__ACTIVITY__. The lines to reproduce run from the one containing "Calvet i Falgueras" through the end of the records below. Reproduce them exactly and add nothing.

§

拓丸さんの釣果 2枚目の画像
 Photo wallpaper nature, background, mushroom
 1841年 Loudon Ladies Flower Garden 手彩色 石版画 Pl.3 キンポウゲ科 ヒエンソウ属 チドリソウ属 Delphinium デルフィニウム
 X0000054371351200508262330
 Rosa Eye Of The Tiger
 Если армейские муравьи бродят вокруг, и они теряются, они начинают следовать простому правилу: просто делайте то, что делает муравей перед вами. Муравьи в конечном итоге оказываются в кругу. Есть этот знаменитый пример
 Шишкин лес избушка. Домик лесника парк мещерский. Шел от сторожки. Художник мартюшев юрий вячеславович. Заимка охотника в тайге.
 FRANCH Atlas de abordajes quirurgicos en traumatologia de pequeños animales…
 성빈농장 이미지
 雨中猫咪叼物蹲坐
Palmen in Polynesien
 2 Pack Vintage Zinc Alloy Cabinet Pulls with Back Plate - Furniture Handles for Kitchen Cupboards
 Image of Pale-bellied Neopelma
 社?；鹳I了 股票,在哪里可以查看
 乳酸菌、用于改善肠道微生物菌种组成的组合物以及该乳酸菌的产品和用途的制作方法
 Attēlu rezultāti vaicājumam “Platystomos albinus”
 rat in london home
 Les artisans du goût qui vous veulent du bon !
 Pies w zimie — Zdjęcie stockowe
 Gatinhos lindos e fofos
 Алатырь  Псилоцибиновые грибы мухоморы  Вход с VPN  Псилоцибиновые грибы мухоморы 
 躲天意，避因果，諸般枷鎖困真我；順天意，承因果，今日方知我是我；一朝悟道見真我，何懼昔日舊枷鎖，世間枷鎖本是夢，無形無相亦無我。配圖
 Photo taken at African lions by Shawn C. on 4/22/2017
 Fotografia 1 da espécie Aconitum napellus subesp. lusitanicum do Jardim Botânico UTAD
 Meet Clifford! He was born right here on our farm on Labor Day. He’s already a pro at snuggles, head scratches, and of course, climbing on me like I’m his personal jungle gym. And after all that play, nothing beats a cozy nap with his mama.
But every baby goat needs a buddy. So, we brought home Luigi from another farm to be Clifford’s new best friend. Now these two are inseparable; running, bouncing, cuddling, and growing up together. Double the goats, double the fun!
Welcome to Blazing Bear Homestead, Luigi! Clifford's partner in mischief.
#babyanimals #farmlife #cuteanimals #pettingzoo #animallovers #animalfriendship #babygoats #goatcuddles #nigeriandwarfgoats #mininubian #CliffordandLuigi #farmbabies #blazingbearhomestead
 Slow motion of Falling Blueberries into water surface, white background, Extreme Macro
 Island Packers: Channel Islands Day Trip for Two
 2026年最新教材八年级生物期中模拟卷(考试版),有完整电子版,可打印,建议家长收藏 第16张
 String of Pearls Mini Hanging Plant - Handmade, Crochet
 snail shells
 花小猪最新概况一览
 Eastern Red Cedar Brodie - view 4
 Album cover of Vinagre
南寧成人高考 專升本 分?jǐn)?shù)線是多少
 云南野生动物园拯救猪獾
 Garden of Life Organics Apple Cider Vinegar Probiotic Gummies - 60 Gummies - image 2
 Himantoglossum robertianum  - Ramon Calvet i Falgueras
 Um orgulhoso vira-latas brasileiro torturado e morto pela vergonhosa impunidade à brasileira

§

__SOLUTION TO THE EXERCISE__.
 Himantoglossum robertianum  - Ramon Calvet i Falgueras
 Um orgulhoso vira-latas brasileiro torturado e morto pela vergonhosa impunidade à brasileira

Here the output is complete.